System.Threading.SpinLock
Here we will be discussing about the spinlock implementation itself.
Note that it is a structure which allows to save on class instance allocation and reduces GC overhead.
The spinlock can optionally use a memory barrier (or a memory fencing instruction) to notify other threads that the lock has been released. The default behavior is to use a memory barrier, which prevents memory access operation reordering by compiler or hardware, and improves the fairness of the lock at the expense of performance. The other case is faster, but could lead to incorrect behavior in some situations.
Usually, it's not encouraged to use a spinlock directly unless you are 100% sure what you're doing. Make sure that you have confirmed the performance bottleneck with tests and you know that your locks are really short.
The code inside a spin lock should not do the following:
- Use regular locks, or a code that uses locks
- Acquire more than one spinlock at a time
- Perform dynamic dispatched calls (virtual methods, interface methods, or delegate calls)

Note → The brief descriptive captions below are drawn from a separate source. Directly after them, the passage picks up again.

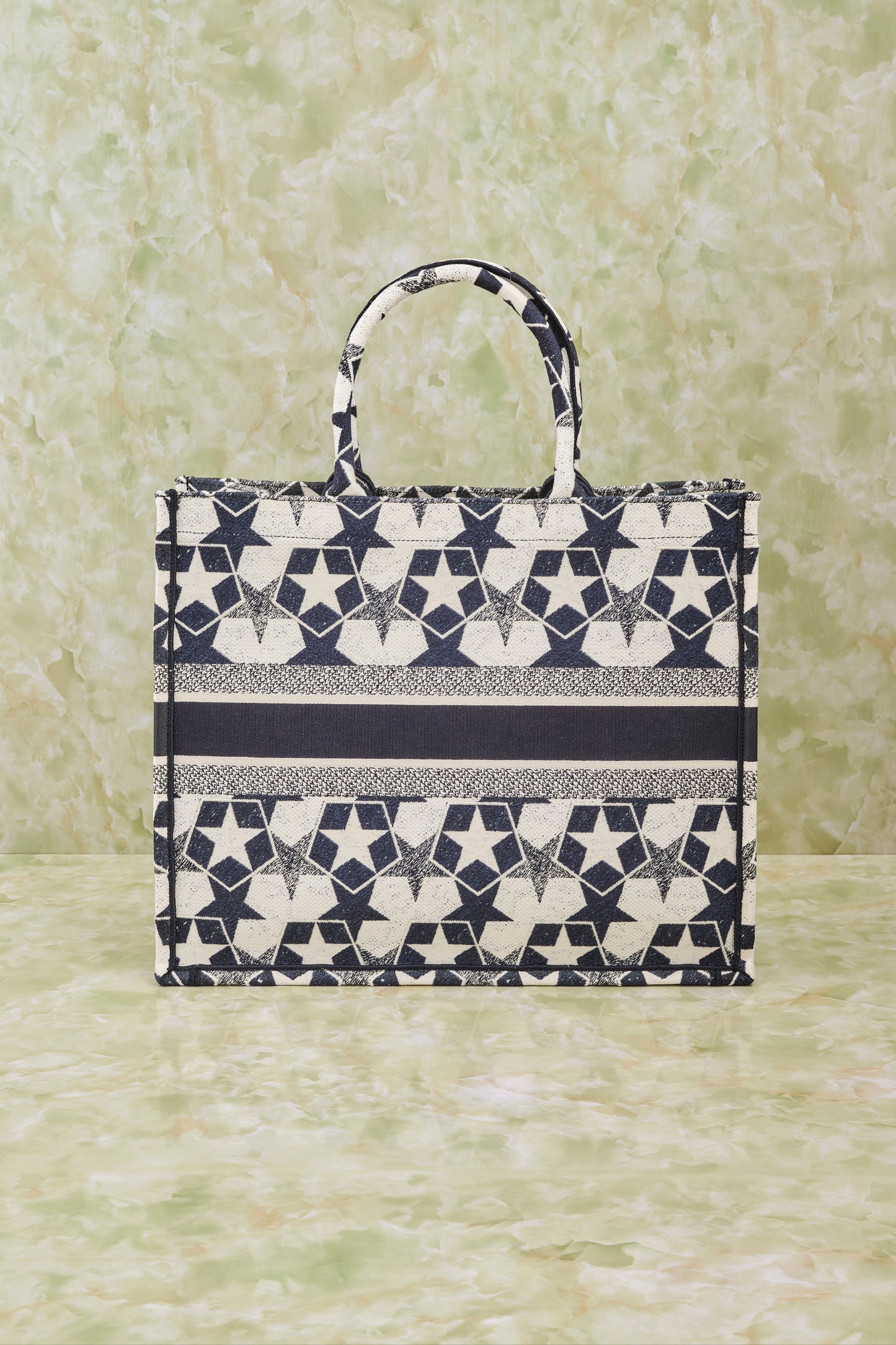 DIOR BOOK TOTE ディオール オブリーク エンブロイダリー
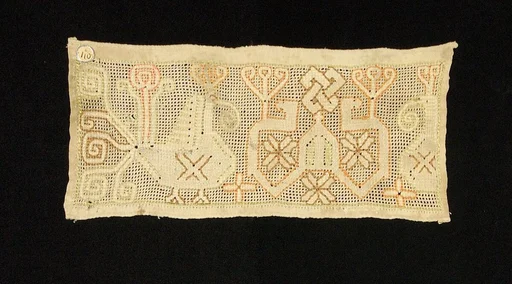 Towel border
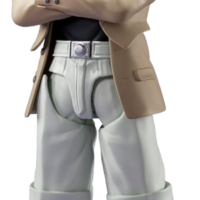 S.H.Figuarts ドラゴンボールGT トランクス-GT-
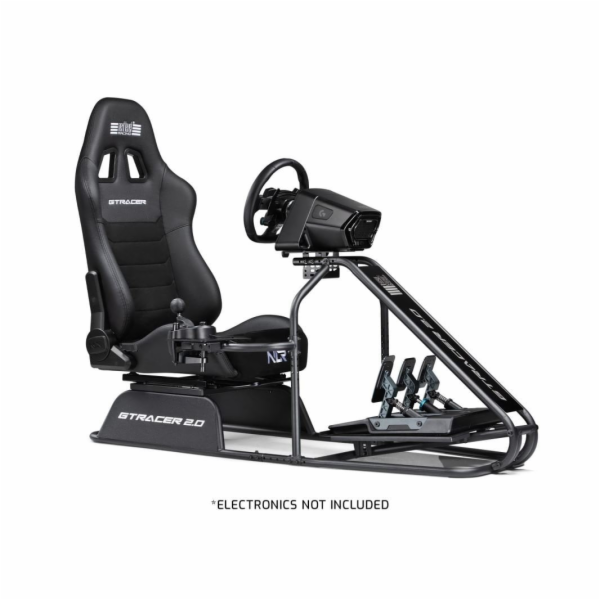 Next Level Racing GT Racer 2.0, závodní kokpit (NLR-R007)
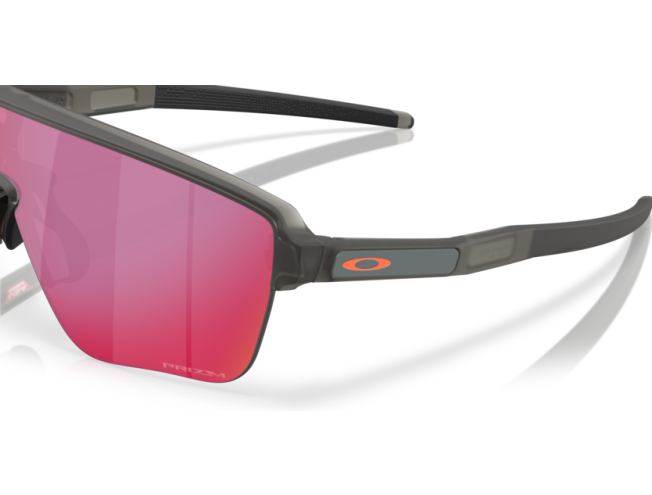 OAKLEY Corridor SQ Matte Grey Smoke Prizm Road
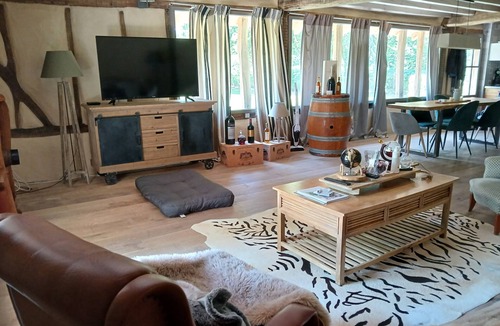 Allons House | Country house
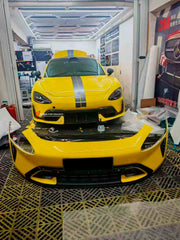 Buy Now UPGRADE FRONT BUMPER KIT for XIAOMI SU7 2024+ upgrade to ULTRA STYLE and upgrade car parts from SIR Tuning at the Best Price. Headlights, Tail lights, Bodykits, Navigations, Carbon body kit and more - Fast & Free Shipping within Europe, US & Worldwide.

- Call any third-party code, which is not controlled by you
- Perform memory allocation, including new operator usage
The following is a sample test for a spinlock:
static class Program { private const int _count = 10000000; static void Main() { // Warm up var map = new Dictionary<double, double>(); var r = Math.Sin(0.01); // lock map.Clear(); var prm = 0d; var lockFlag = new object(); var sw = Stopwatch.StartNew(); for (int i = 0; i < _count; i++) lock (lockFlag) { map.Add(prm, Math.Sin(prm)); prm += 0.01; } sw.Stop(); Console.WriteLine("Lock: {0}ms", sw.ElapsedMilliseconds); // spinlock with memory barrier map.Clear(); var spinLock = new SpinLock(); prm = 0; sw = Stopwatch.StartNew(); for (int i = 0; i < _count; i++) { var gotLock = false; try { spinLock.Enter(ref gotLock); map.Add(prm, Math.Sin(prm)); prm += 0.01; } finally { if (gotLock) spinLock.Exit(true); } } sw.Stop(); Console.WriteLine("Spinlock with memory barrier: {0}ms", sw.ElapsedMilliseconds); // spinlock without memory barrier map.Clear(); prm = 0; sw = Stopwatch.StartNew(); for (int i = 0; i < _count; i++) { var gotLock = false; try { spinLock.Enter(ref gotLock); map.Add(prm, Math.Sin(prm)); prm += 0.01; } finally { if (gotLock) spinLock.Exit(false); } } sw.Stop(); Console.WriteLine("Spinlock without memory barrier: {0}ms", sw.ElapsedMilliseconds); } }
Executing this code on Core i7 2600K and x64 OS in Release configuration gives the following results:
Lock: 1906ms Spinlock with memory barrier: 1761ms Spinlock without memory barrier: 1731ms
Note that the performance boost is very small even with short duration locks. Also note that starting from .NET Framework 3.5, the Monitor
, ReaderWriterLock,
and ReaderWriterLockSlim
classes are implemented with spinlock.
Note
The main disadvantage of spinlocks is intensive CPU usage. The endless loop consumes energy, while the blocked thread does not. However, now the standard Monitor
class can use spinlock for a short time lock and then turn to usual lock, so in real world scenarios the difference would be even less noticeable than in this test.